• _WORK REQUIRED_
Could you set down every entry exactly as it appears?

Recorded data:
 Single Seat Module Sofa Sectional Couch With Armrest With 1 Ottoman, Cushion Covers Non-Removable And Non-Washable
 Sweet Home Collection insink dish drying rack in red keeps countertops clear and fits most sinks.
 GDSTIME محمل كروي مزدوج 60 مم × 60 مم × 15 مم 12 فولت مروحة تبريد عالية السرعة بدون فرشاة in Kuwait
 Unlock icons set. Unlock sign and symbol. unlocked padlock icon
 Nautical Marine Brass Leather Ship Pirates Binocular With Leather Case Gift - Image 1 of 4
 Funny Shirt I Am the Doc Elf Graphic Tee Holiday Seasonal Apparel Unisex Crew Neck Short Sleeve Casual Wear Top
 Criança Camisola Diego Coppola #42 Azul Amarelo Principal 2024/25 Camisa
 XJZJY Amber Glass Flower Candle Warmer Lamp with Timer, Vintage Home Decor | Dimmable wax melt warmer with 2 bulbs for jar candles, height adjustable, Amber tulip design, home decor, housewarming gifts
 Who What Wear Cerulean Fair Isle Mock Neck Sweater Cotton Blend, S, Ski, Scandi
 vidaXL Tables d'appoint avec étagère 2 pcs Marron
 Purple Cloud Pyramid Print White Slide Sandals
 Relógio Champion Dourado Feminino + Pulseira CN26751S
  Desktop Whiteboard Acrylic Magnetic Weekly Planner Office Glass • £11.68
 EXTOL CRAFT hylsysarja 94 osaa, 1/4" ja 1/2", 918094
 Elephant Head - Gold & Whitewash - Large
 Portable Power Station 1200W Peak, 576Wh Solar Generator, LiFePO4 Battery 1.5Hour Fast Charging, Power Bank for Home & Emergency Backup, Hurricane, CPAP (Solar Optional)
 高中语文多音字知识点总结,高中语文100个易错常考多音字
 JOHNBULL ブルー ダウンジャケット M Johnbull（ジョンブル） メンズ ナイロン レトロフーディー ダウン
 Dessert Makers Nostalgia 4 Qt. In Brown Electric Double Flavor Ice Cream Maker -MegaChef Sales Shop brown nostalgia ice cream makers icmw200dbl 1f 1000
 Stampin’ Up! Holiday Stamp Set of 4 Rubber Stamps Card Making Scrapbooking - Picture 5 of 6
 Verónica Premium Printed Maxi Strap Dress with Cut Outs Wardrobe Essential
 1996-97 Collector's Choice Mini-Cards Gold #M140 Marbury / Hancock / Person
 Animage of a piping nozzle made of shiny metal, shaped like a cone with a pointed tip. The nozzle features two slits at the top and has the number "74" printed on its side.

• _EXERCISE ANSWER_
 Single Seat Module Sofa Sectional Couch With Armrest With 1 Ottoman, Cushion Covers Non-Removable And Non-Washable
 Sweet Home Collection insink dish drying rack in red keeps countertops clear and fits most sinks.
 GDSTIME محمل كروي مزدوج 60 مم × 60 مم × 15 مم 12 فولت مروحة تبريد عالية السرعة بدون فرشاة in Kuwait
 Unlock icons set. Unlock sign and symbol. unlocked padlock icon
 Nautical Marine Brass Leather Ship Pirates Binocular With Leather Case Gift - Image 1 of 4
 Funny Shirt I Am the Doc Elf Graphic Tee Holiday Seasonal Apparel Unisex Crew Neck Short Sleeve Casual Wear Top
 Criança Camisola Diego Coppola #42 Azul Amarelo Principal 2024/25 Camisa
 XJZJY Amber Glass Flower Candle Warmer Lamp with Timer, Vintage Home Decor | Dimmable wax melt warmer with 2 bulbs for jar candles, height adjustable, Amber tulip design, home decor, housewarming gifts
 Who What Wear Cerulean Fair Isle Mock Neck Sweater Cotton Blend, S, Ski, Scandi
 vidaXL Tables d'appoint avec étagère 2 pcs Marron
 Purple Cloud Pyramid Print White Slide Sandals
 Relógio Champion Dourado Feminino + Pulseira CN26751S
  Desktop Whiteboard Acrylic Magnetic Weekly Planner Office Glass • £11.68
 EXTOL CRAFT hylsysarja 94 osaa, 1/4" ja 1/2", 918094
 Elephant Head - Gold & Whitewash - Large
 Portable Power Station 1200W Peak, 576Wh Solar Generator, LiFePO4 Battery 1.5Hour Fast Charging, Power Bank for Home & Emergency Backup, Hurricane, CPAP (Solar Optional)
 高中语文多音字知识点总结,高中语文100个易错常考多音字
 JOHNBULL ブルー ダウンジャケット M Johnbull（ジョンブル） メンズ ナイロン レトロフーディー ダウン
 Dessert Makers Nostalgia 4 Qt. In Brown Electric Double Flavor Ice Cream Maker -MegaChef Sales Shop brown nostalgia ice cream makers icmw200dbl 1f 1000
 Stampin’ Up! Holiday Stamp Set of 4 Rubber Stamps Card Making Scrapbooking - Picture 5 of 6
 Verónica Premium Printed Maxi Strap Dress with Cut Outs Wardrobe Essential
 1996-97 Collector's Choice Mini-Cards Gold #M140 Marbury / Hancock / Person
 Animage of a piping nozzle made of shiny metal, shaped like a cone with a pointed tip. The nozzle features two slits at the top and has the number "74" printed on its side.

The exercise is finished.